You have probably heard that the “seven last words of the church” are, “We’ve never done it that way before.” But I tell you, maybe the seven most underestimated words for leading volunteers are, “We have always done it that way.”
Neither statement is necessarily true, thank goodness. Still, they seem contradictory, so let’s take a look.
Some congregations fight against change with every ounce of their strength. Staff members come and go, but the nucleus of the church holds fast to an old mindset that will not budge. And yes, in that case, the congregation that refuses to entertain any new thoughts or different ways of doing things will die. It may be a slow, lingering decline. The church might even look like it is thriving, but only because it is a sealed-off pocket of ancient rituals in the midst of a landscape of change.

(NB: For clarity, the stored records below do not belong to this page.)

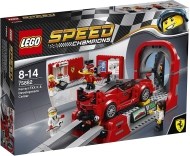 Lego Speed Champions - Ferrari FXX K a vývojové centrum 75882 - cena, srovnání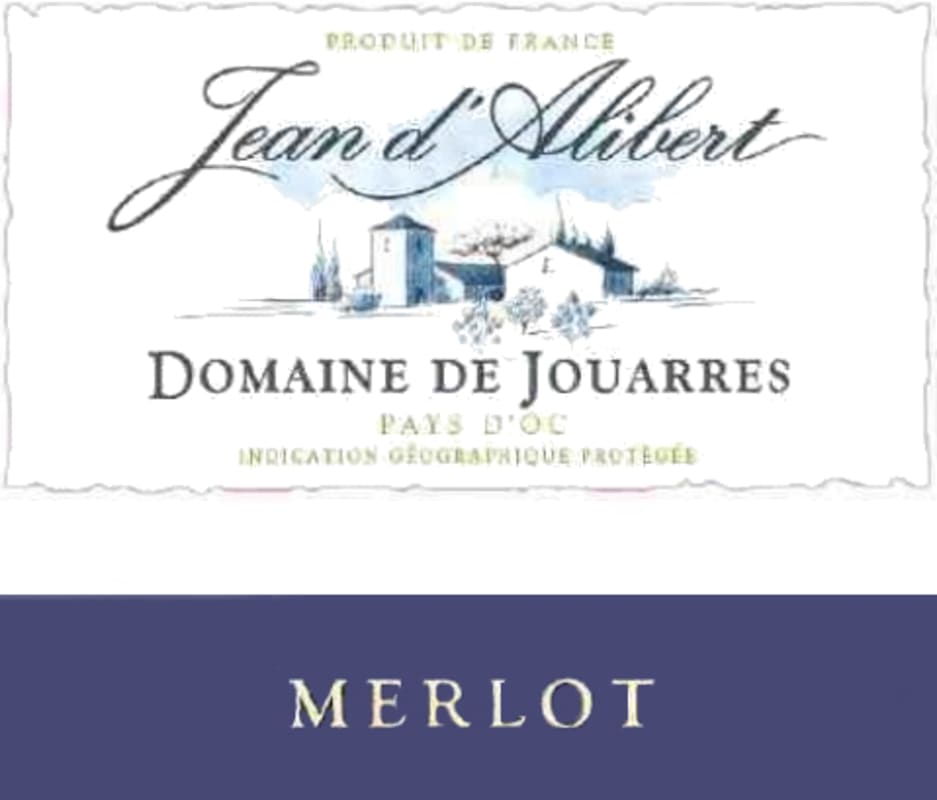 Chantovent Domaine de Jouares Merlot 2011 Front Label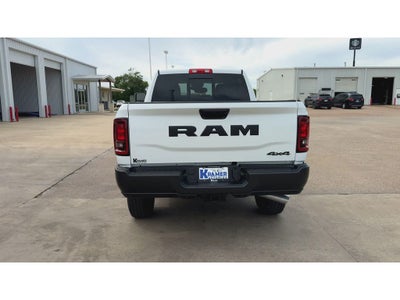 2026 RAM Ram 2500 RAM 2500 TRADESMAN CREW CAB 4X4 6'4' BOX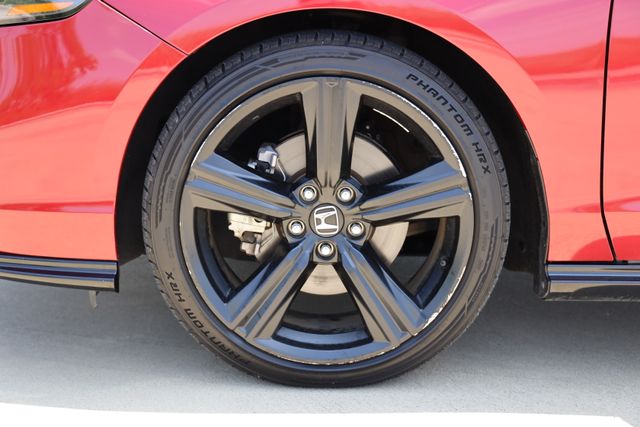 2023 Honda Accord Hybrid Sport-L Red at DeMontrond Gulf Freeway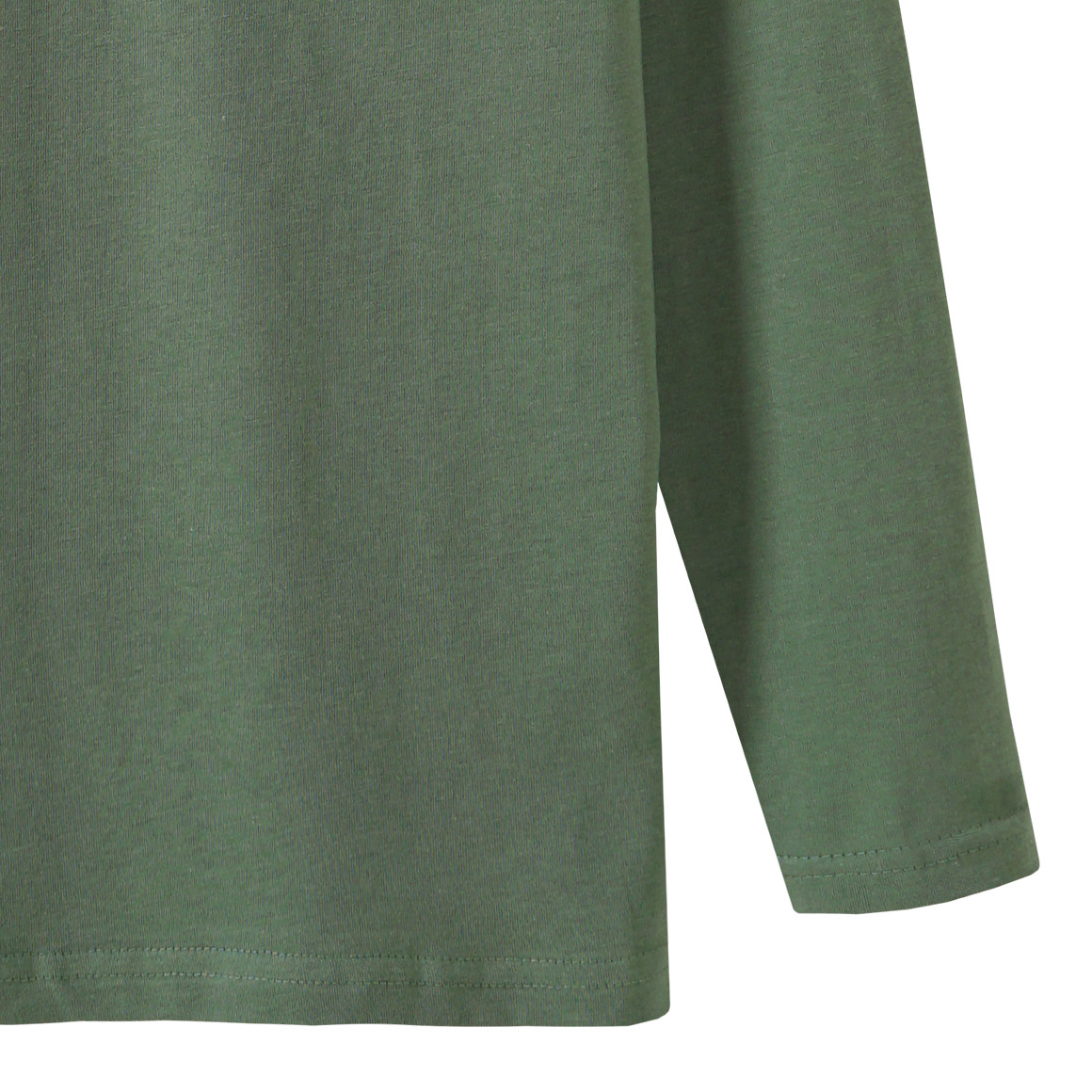 Kinder Langarmshirt im Basic-Look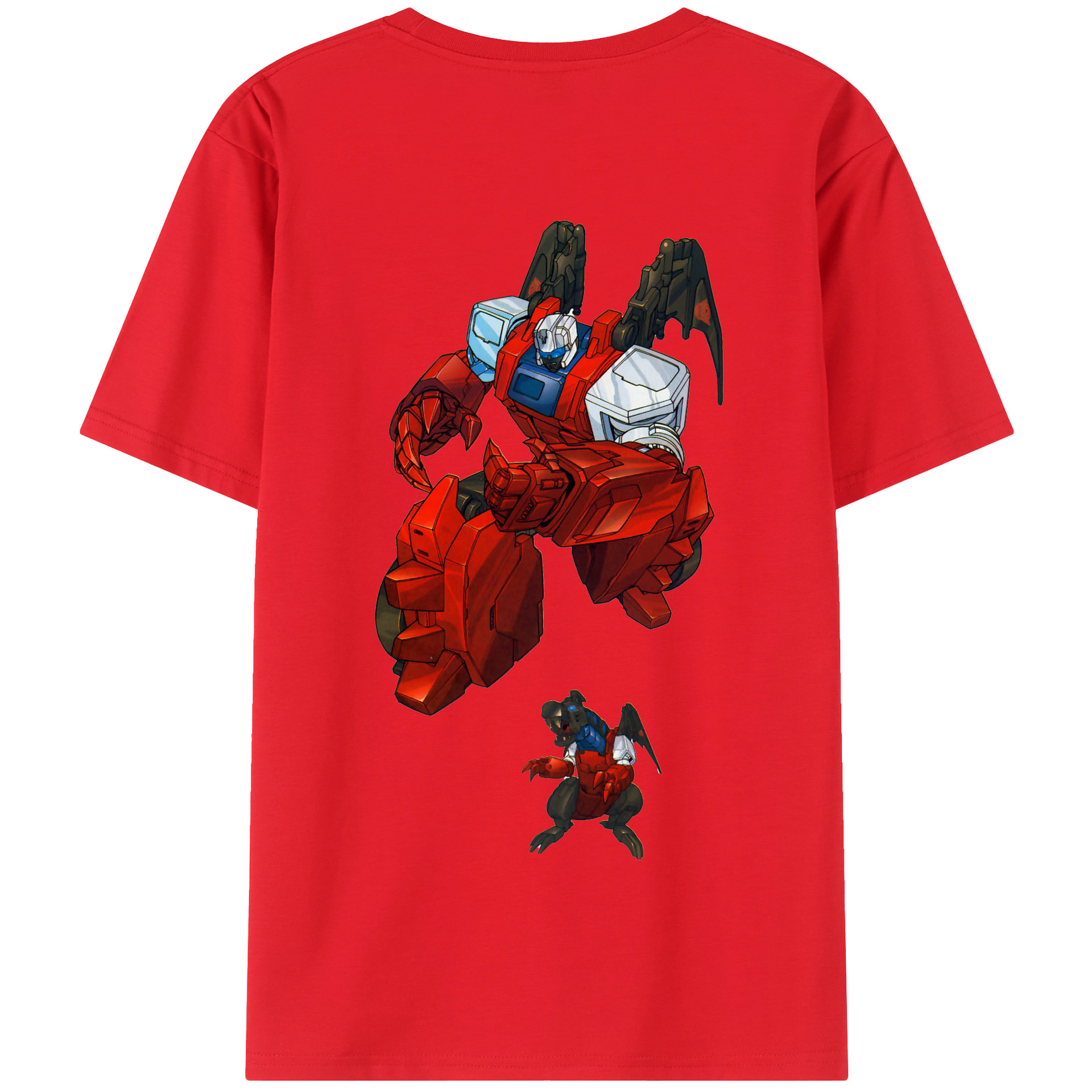 （画像用）  綿100％半袖Tシャツ（背面プリント）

But we have a saying about not throwing the baby out with the bath water. Think about that picture for a moment. Who came up with that one?! I’m trying to picture my grandmother or great grandmother heaving a washtub of soapy water from the back porch — along with the little, pink bundle of joy.
There are things in church that are precious to us. They tug at our heart strings and define the roles we play and carry the faith to the next generation.
Take Christmas traditions, for example. Candlelight services probably mean more to those of us that have always lived with electric lights. We have a core group of Christmas carols that have been carried on for decades (some for centuries). And most Americans could stage a Christmas pageant, even if they have no personal relationship with the central character.
Traditions, rituals, and things we “have always done” give us a head start with volunteers in the church. People can imagine where you are going with a concept. They can see themselves as a part of it. They can build on last year’s event. Youngsters can look forward to the day that they will join (or grow into a new role). Newcomers can get a sense of what holds this group together at the heart level.
Change can be good. Don’t underestimate tradition and repetition, though. And don’t be surprised if, when you try to repeat something, you find that it turns out different. Remember, we serve a God who makes snowflakes.